AKRON-Goodyear has begun offering its truck tires through 24 company-owned Petro Stopping Centers, a chain of truck stops based in El Paso, Texas. Barry Robbins, vice president of tire marketing, said Goodyear was responding to requests from truck fleet customers to make its tires available along additional highway routes.
Company research shows tire customers with national contracts often make emergency purchases of non-Goodyear brands at truck stops because tight schedules can prevent drivers from leaving freeways to search for Goodyear outlets, he said. The tire maker hopes to add Petro's 12 franchise locations in the near future.
Fewer than 6,000 tires recalled in '93
WASHINGTON-Fewer than 6,000 tires were recalled in 1993, according to a year-end report by the National Highway Traffic Safety Administration.
This was about 2,000 fewer tires than were recalled in 1992, though both totals represent extremely low recall rates.
NHTSA reported only five tire recalls during 1993, involving a total of 5,961 tires. This included two recalls by Kelly-Springfield Tire Co., involving 2,548 tires; two by Cooper Tire & Rubber Co., involving 2,163 tires; and one by Dunlop Tire Corp., involving 1,230 tires.
For 1992, the agency reported nine recalls totaling 8,081 tires, with Kelly accounting for about 85 percent of the total.

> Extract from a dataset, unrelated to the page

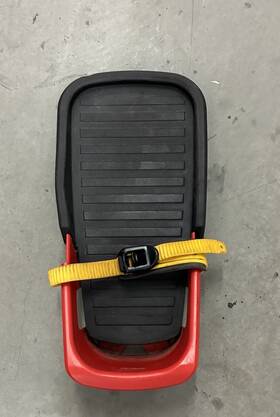 A5391 Scifit Footpad Assembly A5391 Scifit Footpad Assembly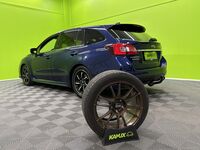 Subaru Levorg vaihtoauto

PB Group wants only one trade show
ST. PETERSBURG, Fla.-The Private Brand Tire Group favors one combined trade show for the tire industry, instead of the two held annually by the American Retreaders' Association and the National Tire Dealers & Retreaders Association, respectively.
The group voted unanimously April 28-29 to encourage both associations to work toward combining their trade shows for the betterment of independent dealers and retreaders. Cost savings of having to attend and exhibit at only one show were among the reasons given.
The group will send letters to the NTDRA and ARA encouraging them to investigate the possibility of merging shows.
Health care proposal gets chamber frown
WASHINGTON-Jeffrey Joseph, vice president of domestic policy for the U.S. Chamber of Commerce, said he is unimpressed with the health care reform package proposed by Sen. Edward Kennedy, D-Mass., even though it includes a partial exemption for small employers.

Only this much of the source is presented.